Sosialisasi Anti Pembajakan dengan Pendekatan Keagamaan


Oleh : Abdurrahman M

Berbagai kasus pembajakan buku yang terjadi di Indonesia dari tahun ke tahun terus meningkat, beberapa sebabnya adalah karena krisis ekonomi yang terus melanda Indoensia, selain itu ketidakmauan masyarakat kita tentang hukum dari pembajakan itu sendiri. Sementara sebagian lain berdalih dengan harga jual buku yang terlalu mahal sehingga tidak terjangkau oleh konsumen buku.

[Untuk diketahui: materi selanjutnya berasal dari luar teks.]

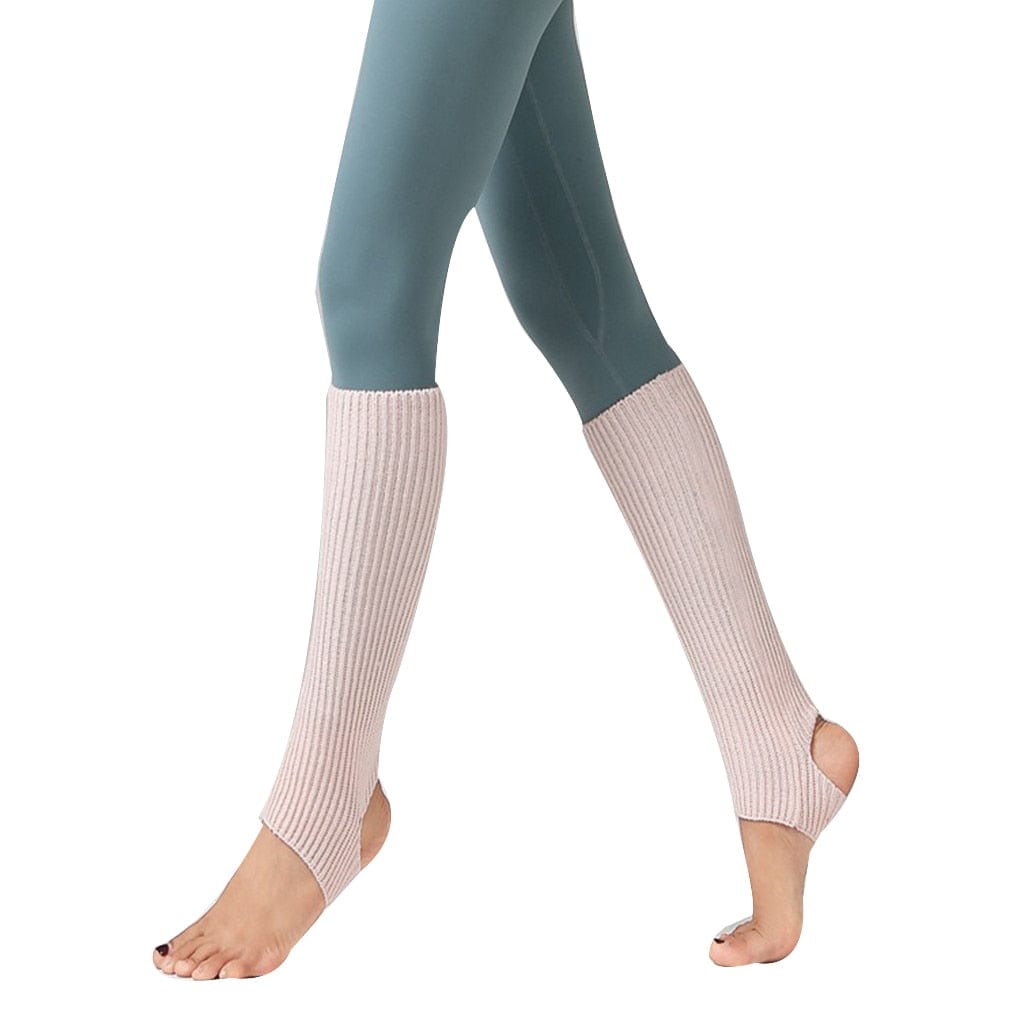 Fitgirl Leg Warmers - ALLRJ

Sementara sebagian lagi menyatakan bahwa agama mereka (Islam) dalam hal ini tidak melarang (baca = membolehkan ) pembajakan.
Dirjen HAKI sudah seringkali melakukan berbagai sosialisasi mengenai hak cipta, namun hasilnya masih dirasakan kurang, selain itu ternyata masih banyak kalangan masyarakat yang tidak memahami apa itu hak cipta dan apa itu pembajakan. Yang mereka ketahui adalah mereka dapat membeli buku dengan harga yang murah walaupun kualitasnya di bawah standard.
Sungguh ironi sekali, di saat Dirjen HAKI sibuk mensosialisasikan tentang anti pembajakan, justru masyarakat kita terus memburu buku-buku bajakan. Lihat saja buku Maryamah Karpov milik Andrea Hirata yang dijual dengan harga Rp. 79.000 dapat dibeli dengan Rp. 20.000, bahkan para penjual buku bajakan berani menjual Novel Tetralogi ini dengan Rp 60.000 dengan empat novel. Ini adalah harga di Bogor, bagaimana di Jakarta?
Sepertinya sosialisasi terhadap hak cipta dan anti pembajakan memerlukan adanya sebuah terobosan baru yaitu dengan pendekatan keagamaan. Dalam hal ini karena mayoitas penduduk di Indonesia adalah muslim maka pendekatan Islam menjadi sebuah alternative dalam sosialisasi ini. Langkah-langkah yang dapat dilakukan meliputi memberikan pemahaman yang benar bahwa ternyata pembajakan adalah bentuk pelanggaran hukum agama, selain itu adanya ancaman yang tegas mengenai hal ini.
Islam misalnya memberikan perlindungan menyeluruh terhadap sendi-sendi kemanusiaan, termasuk penjagaannya terhadap harta, dalam ruang lingkup Islam dikenal adanya hifdzul mal (perlindungan terhadap harta seseorang). Dalam hal ini yaitu bahwa seseorang yang memiliki hak cipta atas sebuah buku, ia adalah pemilik sah, sehingga pihak lain yang menginginkan untuk memperbanyaknya harus dengan izin pemiliknya tersebut. Sosialisasi ini tentunya harus didukung dan dilakukan oleh para pemuka agama yang paham dengan hal ini.
Sejatinya budaya yang ada pada masyarakat kita sangat menghormati adanya hak kepemilikan seseorang. Lihat saja ketika lagu Rasa Sayange diklaim oleh Malaysia, masyarakat kita ramai-ramai melakukan aksi penolakan. Demikian pula tingkat keagamaan masyarakat kita masih cukup tinggi, peristiwa kartun Nabi, kemudian serangan Israel ke Palestina segera mendapatkan respon dari masayarakat kita. Semua itu adalah indikasi bahwa masyarakat Indonesia sebenarnya menerima dan menghormati setiap hak milik pihak lain. Hanya saja ketidak tahuan dan masih samarnya mereka terhadap hak cipta in sehingga mereka tidak paham apa itu pembajakan dan apa itu hak cipta. 
Dari sini sosialisasi anti pembajakan dengan pendekatan keagamaan menjadi sebuah keniscayaan yang tidak bisa dielakkan lagi. Hasil yang diharapkan tentunya adalah berkurangnya kasus-kasus pembajakan yang terjadi di persada ini, bahkan tidak hanya mengurangi tapi juga diharapkan mampu menghilangkan berbagai bentuk pembajakan yang ada.     

Tidak ada komentar:

Posting Komentar

Please Uktub Your Ro'yi Here...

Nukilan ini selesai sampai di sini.